I am back in the town I grew up in and swore I would never return to.  When I left in January 2003, I left a lot of wounds open and a lot of feelings and memories un-dealt with.  In late 2004, when I was attending Eastern Washington University, I went to a hockey game with some of my new college friends.  A friend of my friend poked me half way through the game and asked me if I knew the girls a few rows back from us.  Sure enough, it was two girls who were part of the popular crowd at my high school.  Nicole and Sarah.  I had maybe interacted with both of them a grand total of three or four times in my life.  She wanted to know if I knew them because they kept pointing at me and talking about me.  I immediately left and waited in the lobby for the remainder of the game.  When we got home I locked myself in my room and cried.  I hated thinking about those days of high school and elementary and middle school.  Back then, the memories were too painful to visit.  Now, I see people from growing up around town, and sometimes, it throws me.  Sometimes, I find myself feeling insecure and upset.  I want to go home and drown myself in food to try to stuff down the emotions and memories. But other times, I surprise myself when the reaction is positive.  A happy memory or a kind interaction.  Two Sunday mornings ago, I was at Safeway wearing an old sweatshirt, yoga pants, flip-flops and no make-up with my hair back in a ratty ponytail.  I was quite the sight to behold, but I was grocery shopping alone (!).  I saw one of the girls from the hockey game by the deli counter.  I threw the bagels in to my basket and put my head down.  Immediately I started thinking of a comeback or a look I could give for what I was sure was about to come my way.  I had been dreading this since we moved here and now it was happening.  I bit my lip and started to push my cart.  But instead, as we passed, we gave each other half smiles and kept walking.  Maybe it's parenting, or maybe it's just growing up, but up until that moment, as odd as it sounds, it had never occurred to me that maybe other people were softening.  Trying to become kinder and wiser, or simply had been in the trenches of parenting and understood that it can be a victory in itself just to get out of the house some days and could be empathetic.  So maybe it's time for me to do my best to let some things be forgotten.

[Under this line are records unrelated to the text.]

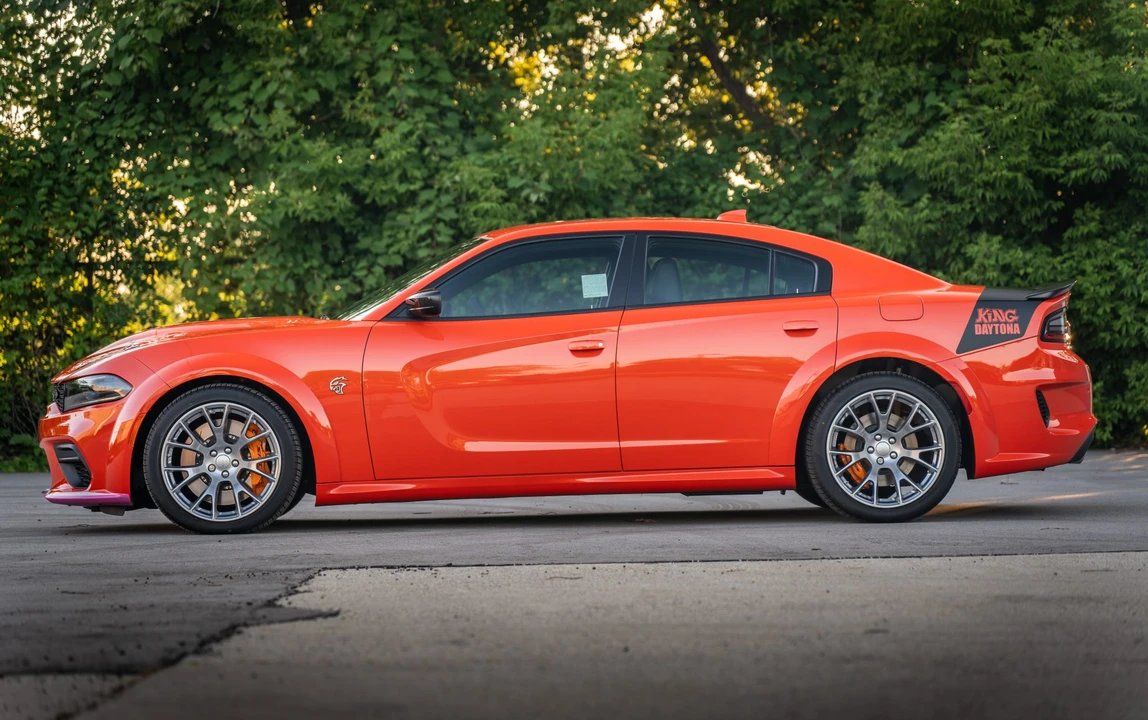 2023 Dodge Charger SRT Hellcat 7th Gen - Image 4 of 31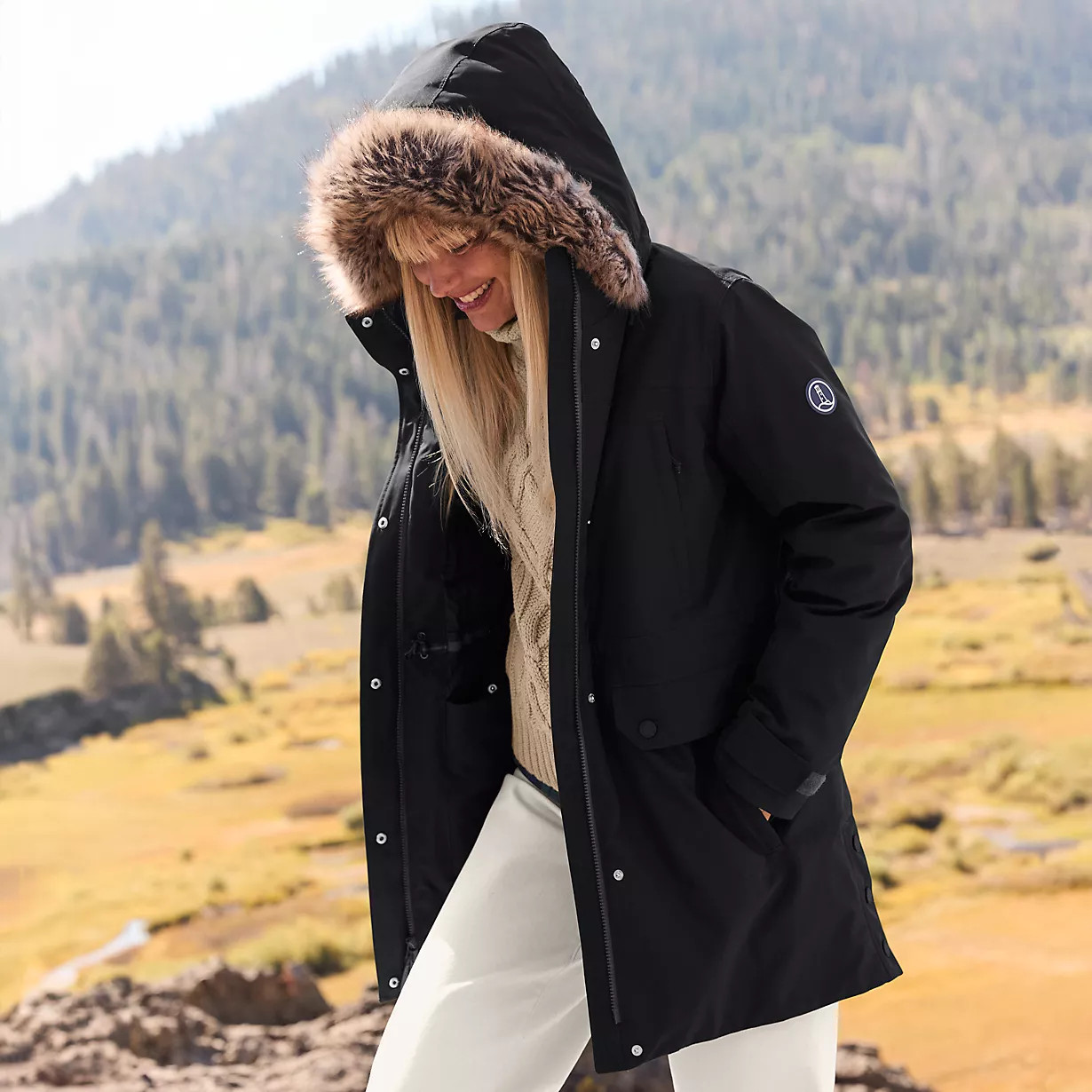 Women's Expedition Down Waterproof Winter Parka | Lands' End (US)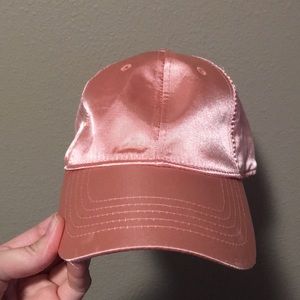 Pink hat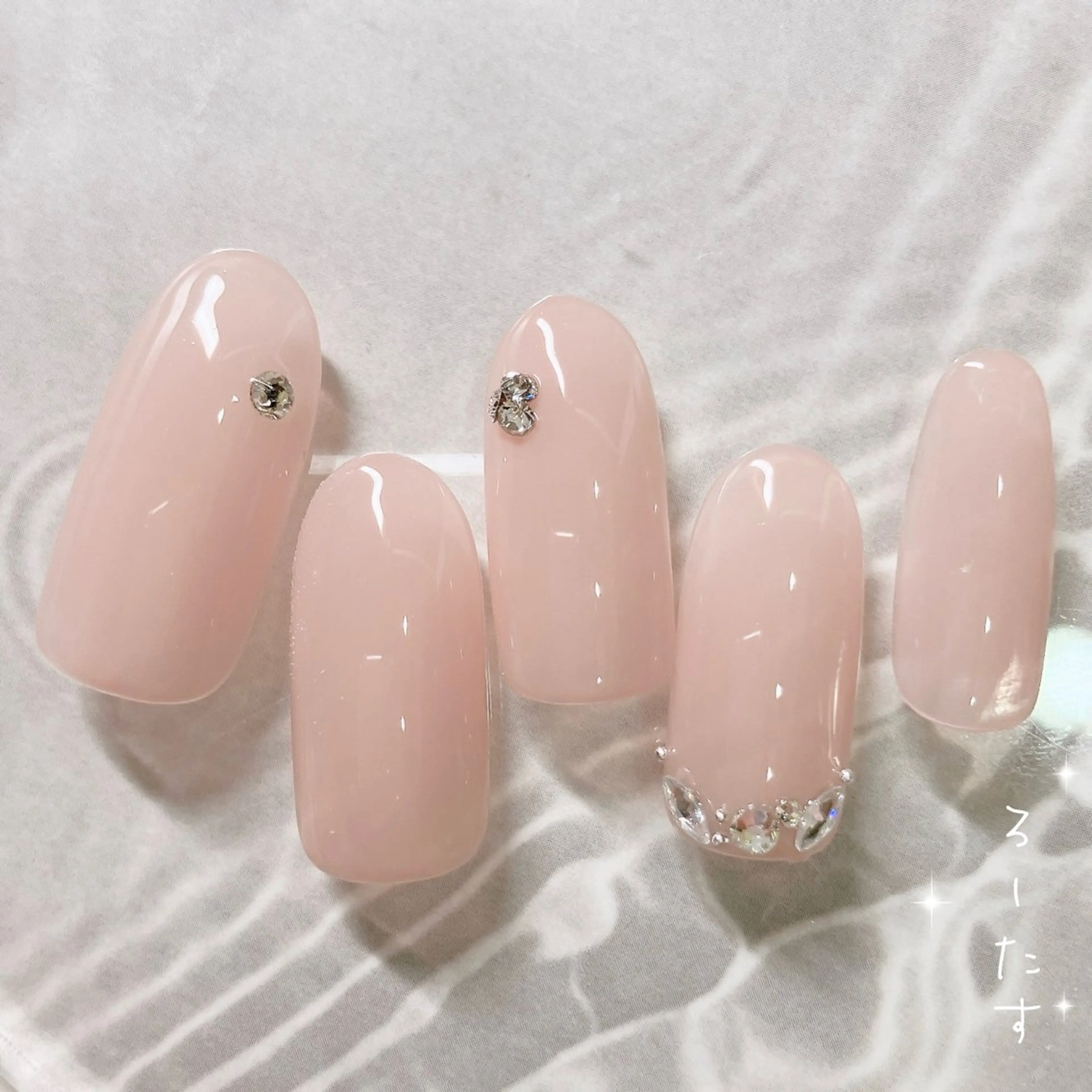 ネイル ハンドネイル マオジェル導入サロン ♡ろーたすのネイルデザイン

And...not to drone on, but I think one of the greatest parts of being a parent is getting to share your memories and favorite experiences from your childhood with your children.  I love singing songs with R in the bathtub and Dave loves cooking him a huge breakfast on Saturday morning.  Dave and I laugh sometimes when we each have "ah-ha" moments when we realize that memories and traditions we have were not the norm in other families.  This past weekend we took Ri to the Chelan County Fair.  Growing up, the fair was a a huge deal.  We would go with our classes during the week and then as a family on the weekend.  It was one of the few times a year when all bets were off.  My dad would ride the rides with us and hand over dollar bill after dollar bill as we tried to win goldfish and other prizes.  We would always get treats.  My sister and I would indulge on cotton candy, curly fries, corn dogs, caramel apples, apple pie, chocolate dipped ice cream bars and frozen lemonade.  We would run around the livestock barns, looking at the animals and begging my parents to let us get a rabbit or a pygmy goat as a pet so we could show it in the fair the following year.  (They never indulged us with that one.)  This year, Riley rode in his stroller as we walked him through the livestock barns.  He felt a little intimidated by the animals and their enormous size in proportion to him, but loved walking through the carnival.  We ate corn on the cob on a stick and he ran around chasing after a balloon from a vendor.  After three and a half hours, he cried and had his public melt-down when we told him it was time to go.  I'm not sure if he'll remember the day, but I hope I can help create some memories that he will visit fondly.